For the year that ended June 30, Phoenix saw $13 million in production spending, compared to $7.9 million during the 2011-12 fiscal year, the report said.

Hal Gibson, president of the Arizona Film and Media Coalition, said any gains have been because of commercials and industrial training and education videos, not big-budget productions such as feature films or TV series.

“We get the bread crumbs of the productions here,” Gibson said.

Arizona’s program offering tax credits lapsed in 2010 as state lawmakers grappled with budget deficits. Under that system, a production company would receive tax credits of ranging from 10 percent to 20 percent depending on how much it spent on things like hiring local talent and production crews.

Attempts to revive the program have failed at the Legislature each session since.

New Mexico, meanwhile, has benefited from its tax credits. Earlier this year state leaders raised the state’s TV production tax credit from 25 to 30 percent by approving the so-called “Breaking Bad” bill.

“We can’t compete with New Mexico because our legislation has an ideology that incentives for big businesses, especially Hollywood, is something they will not provide,” said Chris Lamont, founder of the Phoenix Film Festival and an instructor in Arizona State University’s School of Film, Dance and Theatre.

Philip Bradstock, film commissioner with the City of Phoenix Film Office, noted that Disney’s “The Lone Ranger” originally chose Arizona as its primary filming location. As production progressed, Disney replaced Arizona with New Mexico because of that state’s tax incentives and only shot a few scenes in Arizona.

“The whole reason ‘The Lone Ranger’ was filmed in New Mexico and not Arizona has to do with dollars, even though our desert is ideal for a western film,” Bradstock said.

However, Steven Slivinski, a senior economist at the Goldwater Institute, an independent watchdog group that promotes limited government and free enterprise, said said that providing state tax incentives for multimedia productions would be more costly than beneficial.

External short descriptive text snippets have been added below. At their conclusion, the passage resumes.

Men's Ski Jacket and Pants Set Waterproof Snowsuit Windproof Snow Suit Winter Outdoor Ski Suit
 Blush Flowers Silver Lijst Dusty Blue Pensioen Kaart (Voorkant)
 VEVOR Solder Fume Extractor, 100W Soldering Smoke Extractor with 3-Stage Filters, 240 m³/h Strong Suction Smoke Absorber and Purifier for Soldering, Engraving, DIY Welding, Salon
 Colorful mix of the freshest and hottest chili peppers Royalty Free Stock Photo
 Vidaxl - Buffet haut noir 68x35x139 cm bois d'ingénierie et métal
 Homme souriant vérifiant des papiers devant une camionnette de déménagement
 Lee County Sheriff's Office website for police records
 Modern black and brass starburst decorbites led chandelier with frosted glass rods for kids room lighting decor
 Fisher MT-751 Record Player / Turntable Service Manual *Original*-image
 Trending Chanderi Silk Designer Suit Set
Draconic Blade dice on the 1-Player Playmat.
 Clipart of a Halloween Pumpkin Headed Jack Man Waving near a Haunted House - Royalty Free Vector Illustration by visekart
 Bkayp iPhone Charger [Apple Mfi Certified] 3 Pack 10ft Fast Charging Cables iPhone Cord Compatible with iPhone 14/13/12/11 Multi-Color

“All the studies tend to come to the conclusion that most of the jobs that were created were temporary, not long-term jobs,” Slivinsky said.

Slivinski said that a better way to stimulate the economy is decreasing taxes across all industries.

“Do we really need to be throwing money at a handful of short-term temporary jobs when money could be spent in a broader amount of support for all industries?” he said.